Friday, April 07, 2006

CONTACT: IT NOW IS A FACT!

"I've done it! I've done it!" the scientist raved. No one believed he could achieve the probably impossible goal he aimed for. But if what he claimed could be done, he'd gain fame by doing what he did: establish voice contact with man on a planet so distant colleagues were insistent it couldn't be done.

By Einstein, perhaps, and a few other chaps. But they were all dead, or so it had been said. Even they had thrown up their arms and said, "Oye vay. There ain't no vay to find a vay to do voht Got don't vant us to."

His father, a scientist in his own right, had had breakthroughs that made news throughout the universe. He'd proven twinkling stars were just lightning bugs in jars collected by kids on Jupiter and Mars as part of a project to project light in spite of the fact such a bright plight was out of sight.

His dad also found the world was not round, but was actually square just like the moonies who lived there. That discovery set the world on end and a few dropped off and were never seen again. He turned to his son and said "No one can talk to someone a zillion million miles away just like, hoo hey! Have a nice day."

But said his son: "I done it, Dad. I'll prove it with my Radrad-radio-yo-yo with a micromaniac yak-yak flow."

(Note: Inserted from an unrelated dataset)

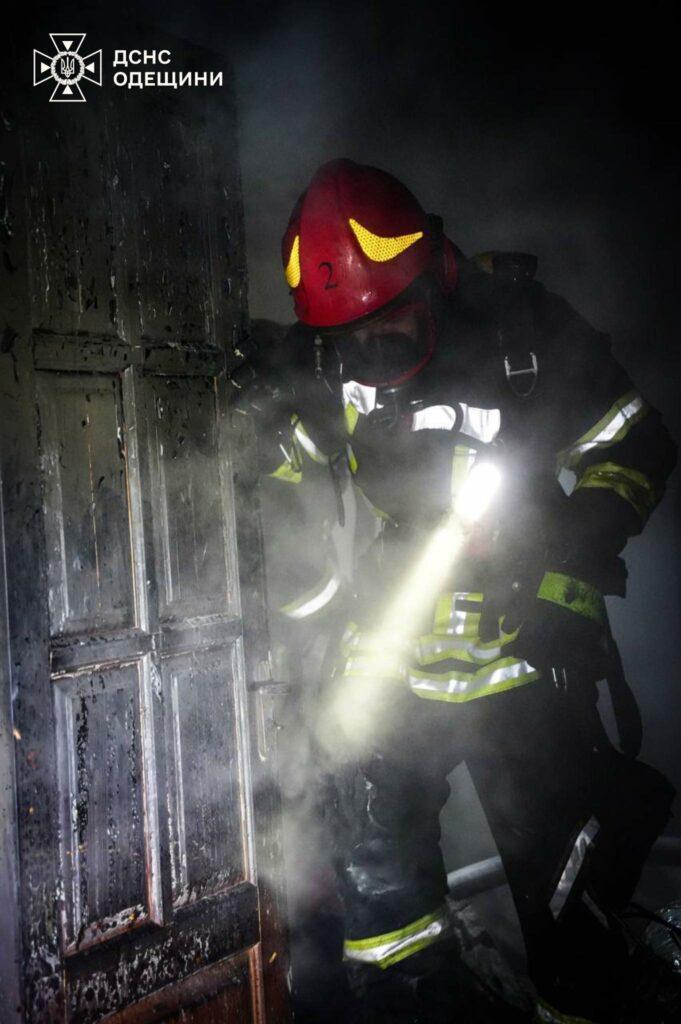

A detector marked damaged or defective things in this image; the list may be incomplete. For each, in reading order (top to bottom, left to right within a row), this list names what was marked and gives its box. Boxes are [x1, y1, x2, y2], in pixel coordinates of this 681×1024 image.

charred wooden door [0, 26, 286, 1024]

His son switched a thousand switches one by one. It took two days and the job was done. Then he turned up the squawker-talker-bleaker-squeaker- speaker, and suddenly voice was heard. It was absurd! It was a voice, yet it was not. It said no words and screeched a lot. It sounded like chimp and her pimp having you know what. Very complex, real high tec interstellar sweller sex.

Sonnyboy was full of joy on his michaelphone, jabbering back in old world Chimpimpumpanese. His Dad said, "Excuse me please. You say this whatchacallitese comes from zillions of miles away? At the speed of light your grandson will be old and gray when your reply finds its way to where you say it's going to go. As time goes, that's mighty slow."

"I know, Dad," said his lad, "but just think how proud you'll be to be the dad of me when we meet a zillion skillion years from now up in that 7/11 in the sky. I can't wait...sigh, sigh, sigh..."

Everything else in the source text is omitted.